Наконец он дотащился к дому. Достал пульт от ворот и нажал кнопку. Створка поползла вбок, дернулась и остановилась. Антон незлобно чертыхнулся, скинул туфли и взял с заднего сиденья высокие ботинки. Переобулся, вылез из машины и протиснулся в щель. Осмотрел ворота. Так и есть. Механизм забился снегом.
Куприн вернулся к машине, достал из багажника маленькую лопатку. Примерился. Не пойдет. Лучше взять в гараже нормальный инструмент.
Он пошел через двор, увязая в глубоком снегу. Свет в окнах с этой стороны не горел. Антон улыбнулся: Лена экономит на электричестве, что ли? Наверное, жена сидит на кухне или у Сашеньки, отсюда тех окон не видно.
В голове крутились приятные мысли. Сейчас они втроем сядут за стол, он расскажет, как прошел день. Леночка сделает вид, будто ни о чем не догадывается, но он-то знает: она прекрасно поняла еще по телефонному разговору, что все хорошо. Просто отлично!
Куприн почти миновал двор, когда раздался глухой выстрел из дома.
«Карабин!» – ударила в голову мысль.
Антон рванул ко входу. Ему показалось, что он барахтается в сугробах вечность. Добрался. Дернул ручку. Закрыто! Выхватил из кармана ключ. В замочную скважину попал не сразу. Распахнул дверь.
В холле было темно. Из кабинета виднелся тусклый свет.
– Лена!
Он бросился, снеся по пути столик с вазой. В грохоте разбитого хрусталя расслышал крик жены:
– Антон!
Куприн добежал до кабинета. Навстречу, держа Сашу, вышла Лена.

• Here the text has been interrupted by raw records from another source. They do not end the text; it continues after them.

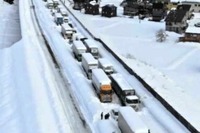 大雪による大型車の立ち往生 国交省が対策 画像
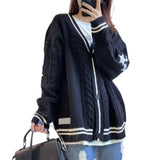 Damen nan oversized Zopfmuster-Cardigan mit V-Ausschnitt, Knopfleiste und Sternapplikationen Drune in Schwarz
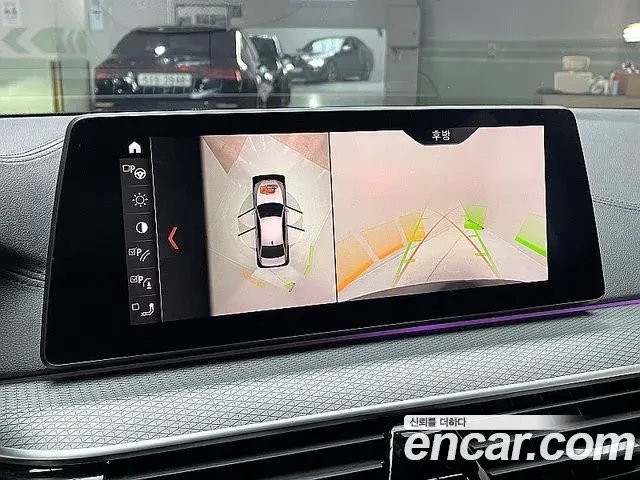 BMW 5 Series 2019 — ფოტო 6/20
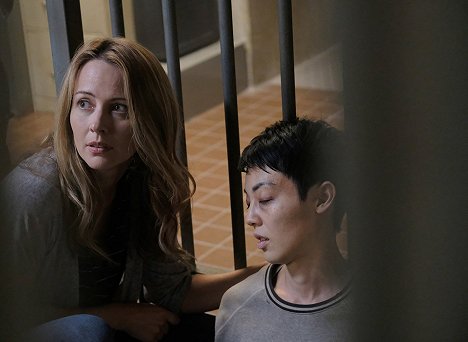 Amy Acker, Michelle Kim - The Gifted - threat of eXtinction - Van film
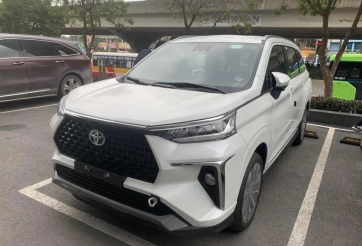 Toyota Veloz Cross lộ ảnh tại đại lý Việt Nam, nội thất có chi tiết bị cắt bỏ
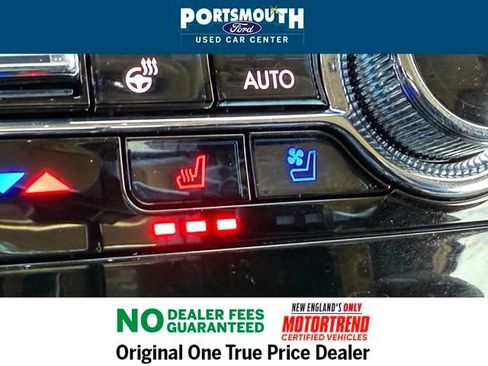 Used 2022 Lincoln Corsair AWD w/ Premium Package image 14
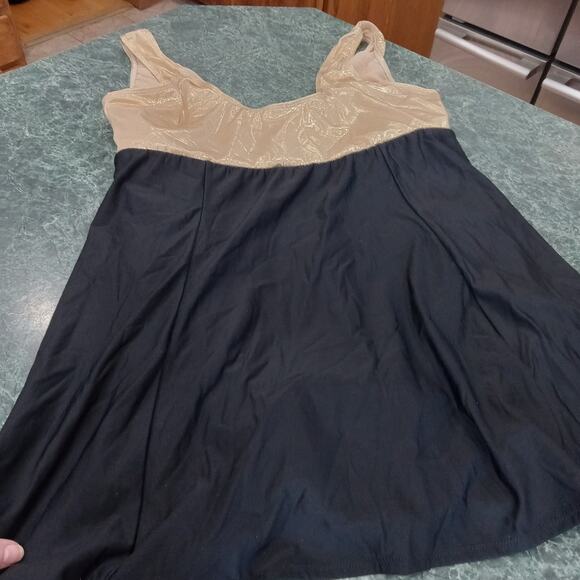 Roaman's Swimsuit Plus Size 3x 24W Gold and Black Attached Brief Full Coverage - Picture 9 of 12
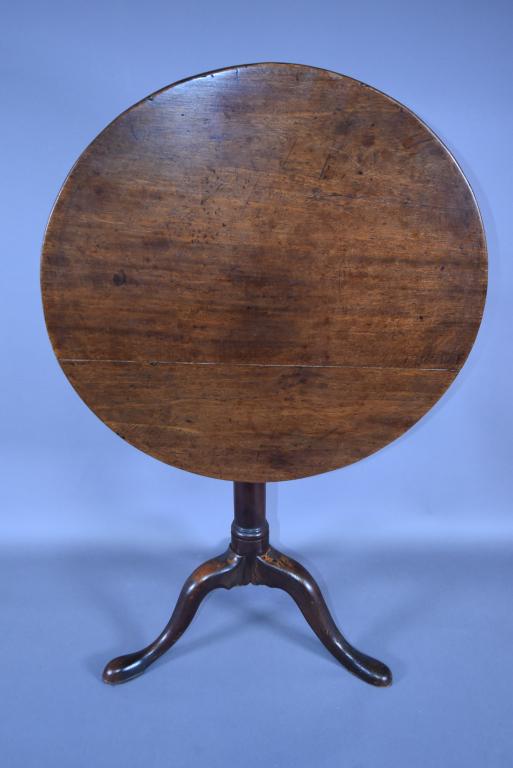 EARLY 1800'S TILT TOP TABLE (1 of 3)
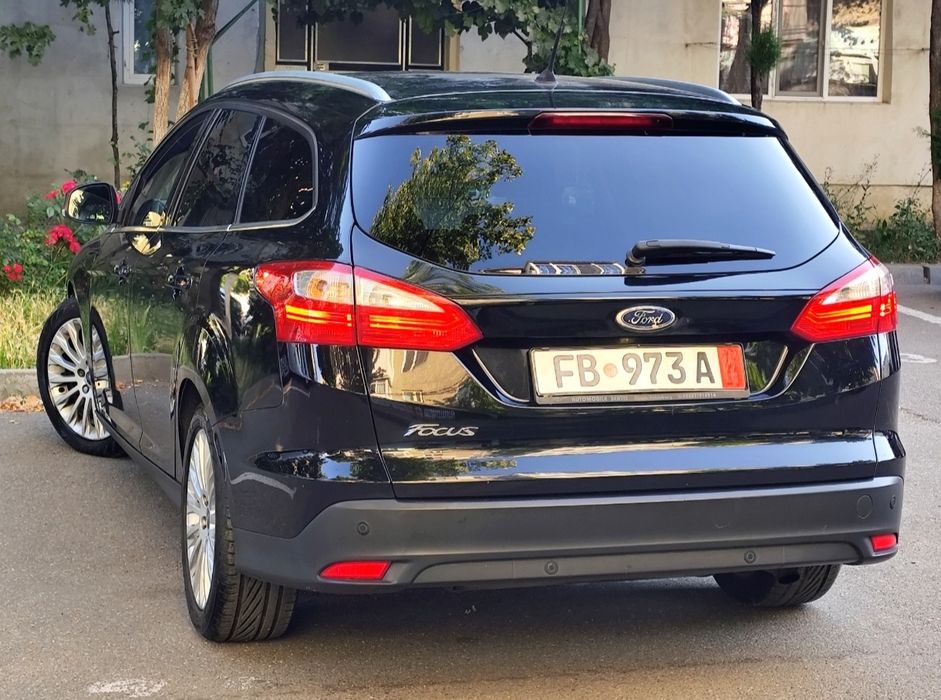 Ford Focus TITANIUM, 1.6 benzină MPI, clima, senzori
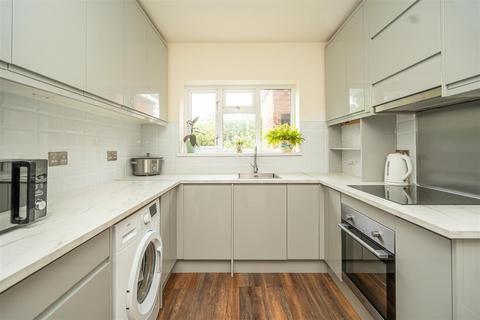 9 Ashenden Rise, Wolverhampton, WV3 8LE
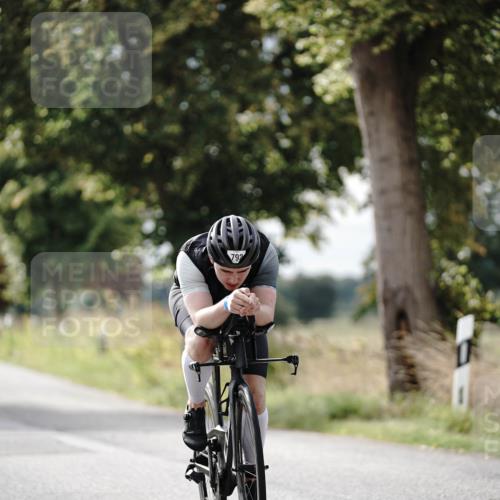 30.08.2026 - Elbe Triathlon Hamburg Michael Burmester http://msf.ph/oto/10070085 30.08.2026 09:52:02 Radfahren 434, 686, 690, 792 meine-sportfotos.de
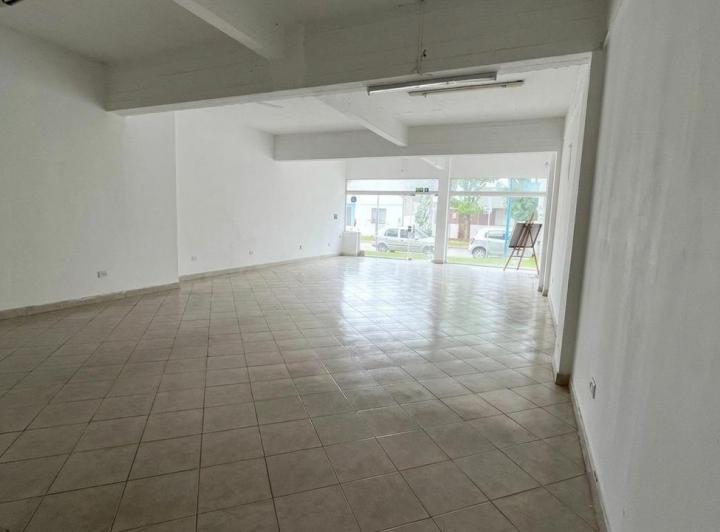 Local comercial · 74m² · 1 Ambiente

– Слава богу, живы! Лена, что случилось? Вы не ранены?
Супруга покачала головой.
– Тише, тише. Все кончено. Все хорошо, – ее голос был почти спокоен.
Он обнял их, чувствуя, как дрожит сын.
– Ради всего святого, что случилось? Это ты стреляла?
Лена кивнула и показала в кабинет. Антон шагнул туда и не поверил увиденному: на паркете лежало нечто. Человек с волчьей башкой. Оборотень. Глаза его тускло светились, но взгляд был мертвым. «Этого не может быть! Не может быть!» – повторял кто-то в разуме Куприна, пока он оцепенело смотрел на оборотня. Стоял так не меньше минуты. Потом поднял фонарик и карабин. Подошел к зверю.
«Неужели Леночка права? Серый волчок действительно существует? И этот зверь убил Алешу? А теперь пришел снова… Но ведь монстры живут только в сказках. Или нет? Как отрицать то, что я вижу?» – Антон чувствовал: еще немного – и мозг не выдержит. Он осторожно ткнул волчка стволом оружия.
Зверь глухо застонал.
Часть вторая
Исповедь
Дочь Вавилона, опустошительница!
Блажен, кто воздаст тебе за то, что ты сделала нам!
Блажен, кто возьмет и разобьет младенцев твоих о камень!
Ветхий Завет (Пс.136:8,9)
– Мы жили в Архангельской области. Семья самая обыкновенная, по деревенским меркам. Отец работал слесарем, сильно пил. Мать была у него на побегушках, боялась слово лишнее сказать, чтобы не получить кулаком.
Когда мне исполнилось десять лет, я как-то попытался вступиться за маму. Пьяный папаша сильно врезал мне. Я неделю ходил с синяками. В школе говорил, что подрался с соседскими мальчишками. Подробностей не помню, но чувство ненависти к отцу становилось все сильней. Нет, это не совсем точно. Высокопарно это звучит – ненавидеть папашу. Он не был достоин ненависти. То было отвращение и брезгливость – словно тебе показали раздавленную жабу. А потом подсовывали под нос все ближе и ближе.